VMs that run NVadsA10 v5-series have partial GPUs. For these VMs, Turbonomic discovers partial GPU information and then adjusts GPU capacities (such as GPU memory) accordingly. Capacity information is available when you set the scope to an Azure GPU VM and view the Capacity and Usage chart.

In the Turbonomic user interface, the default virtual machine policy shows the currently supported GPU instance type series and the resources allocated to them. These instance series are grouped under the Accelerated Computing category. GPU instance series that Azure retired are grouped under the GPU (Retired) category. See the previous section for the steps to view the default virtual machine policy.

Turbonomic collects NVIDIA GPU metrics for VMs running these instance types and then uses these metrics to generate VM scale actions that optimize performance and costs.

Note:

For additional information about these metrics, see the NVIDIA documentation.
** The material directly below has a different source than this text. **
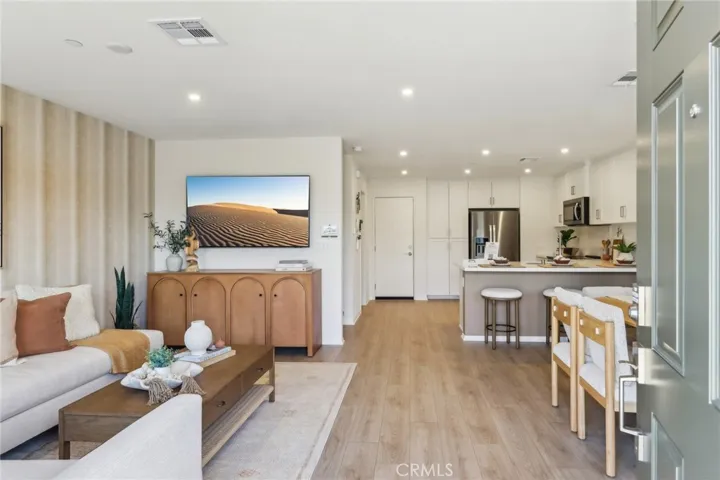 MODEL HOME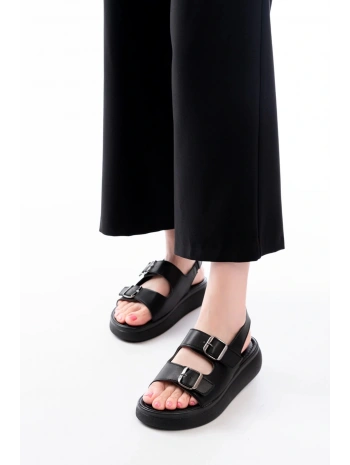 24413-572 Siyah Günlük Dolgu Topuk Toka Aksesuarlı Kadın Sandalet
Metric Description Actions
GPU Count Number of GPU cards in use Scale down the number of GPU cards within the same instance type
GPU Memory Amount of GPU memory in use Scale GPU memory up or down within the same instance type
GPU Memory BW (bandwidth)

Fraction of cycles where data was sent to or received from device memory, measured in GB/s

Scale GPU memory BW up or down

This action moves the VM from its current instance type to another instance type with the same (or higher) GPU count and GPU memory capacity.

GPU FP16 Fraction of cycles the FP16 (half precision) pipe was active

Scale GPU FP16 up or down

This action moves the VM from its current instance type to another instance type with the same (or higher) GPU count and GPU memory capacity.

GPU FP32 Fraction of cycles the FP32 (single precision) pipe was active

Scale GPU FP32 up or down

This action moves the VM from its current instance type to another instance type with the same (or higher) GPU count and GPU memory capacity.

GPU FP64 Fraction of cycles the FP64 (double precision) pipe was active

Scale GPU FP64 up or down

This action moves the VM from its current instance type to another instance type with the same (or higher) GPU count and GPU memory capacity.

GPU Tensor Fraction of cycles the Tensor (mixed/multi-precision) pipe was active

Scale GPU Tensor up or down

This action moves the VM from its current instance type to another instance type with the same (or higher) GPU count and GPU memory capacity.

Note:

For GPU VMs with accelerator cards, GPU card information is available when you set the scope to a VM and view the Entity Information chart. For example, the Accelerator Model field shows the GPU model.

To enable the discovery of GPU metrics, configure NVIDIA Data Center GPU Manager (DCGM) as described in this topic.

Turbonomic can also recommend actions that scale standard VM resources (such as vCPU and vMem) to the supported GPU instance types.

When generating or executing scale actions, Turbonomic considers the following policies and settings as constraints:

  • Read-only tier exclusion policies

    Turbonomic automatically creates these policies and displays them in the Policy Management page (Settings > Policies).

    • Cross-target policies

      Cross-target policies ensure that VMs with certain GPU types only scale to an instance type with the same (or higher) GPU card count and memory per card.

      An example policy is Azure GPU NVIDIA - Cloud Compute Tier Exclusion Policy.

    • Per-target policies

      Per-target policies ensure that any VMs in GPU supported instance families do not scale out to instance families that do not support GPUs.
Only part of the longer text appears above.